Asked to comment on a rumour that a prospectus was imminent, Saturn's managing director, Jack Matthews, said the company was always exploring its options to raise capital should it expand out of Wellington, although it had money in hand to complete the Wellington network roll-out.
"There are a number of options for Saturn and its affiliates or its sister companies to fund its businesses and if we decide to expand from Wellington, which is still predicated on more clarity in the [regulatory] environment, then that would be one possibility," Mr Matthews said.
Plans to go beyond Wellington were put on hold last year after Telecom was cleared to match Saturn's pricing street by street.
But with the $240 million roll-out nearing completion, customer take-up in line with or better than business plan, and proposed reforms that would meet Saturn's concerns about the regulatory environment, the odds are good that Saturn will continue with a $700 million expansion into Auckland and Christchurch.
But a float would almost certainly involve Austar, which with Saturn is owned by Denver-headquartered United International Holdings.
Austar operates a satellite pay television business not dissimilar to that of Sky in New Zealand and has more than 310,000 subscribers in the Australian regions.
While it lost $US93 million in the first nine months of calendar 1998, its managing director, John Porter, said in March it would not be long before it was trading profitably and foreshadowed a float by the end of the year.
Saturn, which began activating its Wellington network in the middle of last year, has quickly claimed about 24 per cent of the telephone market in the 60,000 to 70,000 homes passed.

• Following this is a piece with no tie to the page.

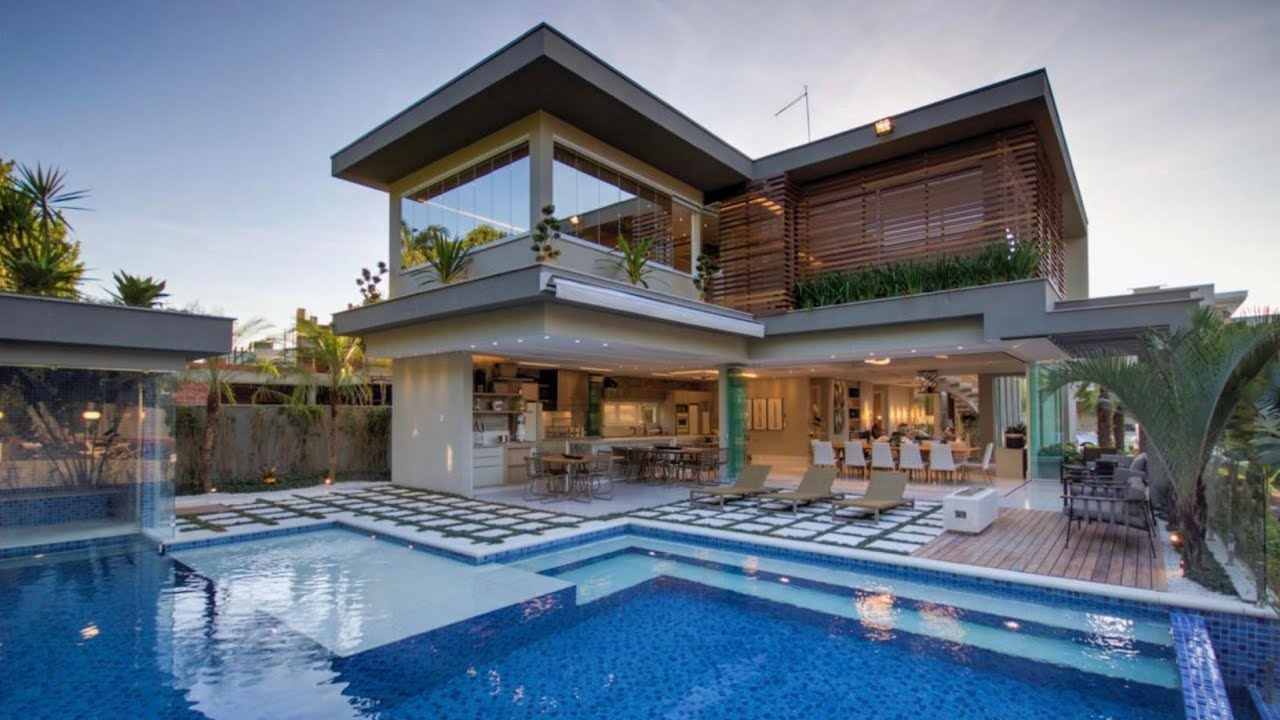 Casa Alto Padrão localizada no módulo 12  à venda | Riviera de São Lourenço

Saturn now claims 14,000 residential telephone customers, 600 in business telephone services, 2000 in Internet and 10,000 in cable television. Although the company has been focused on the residential market, it is already rolling out fibre optic cable in Wellington's central business district in conjunction with a gas roll-out by a new supplier to the market, Nova Gas.
While Saturn was entering the business market sooner than planned, the cost savings from sharing with Nova were too good to overlook, Saturn's legal counsellor, Sean Wynne, said.
In floating its Australasian operations, United International would undoubtedly want to repeat the enormously successful float of its European cable business.
After buying out its 50 per cent partner Philips at a bargain basement price, UIH floated a third of UPC for $US1.2 billion. The company now has a market value around $US6 billion.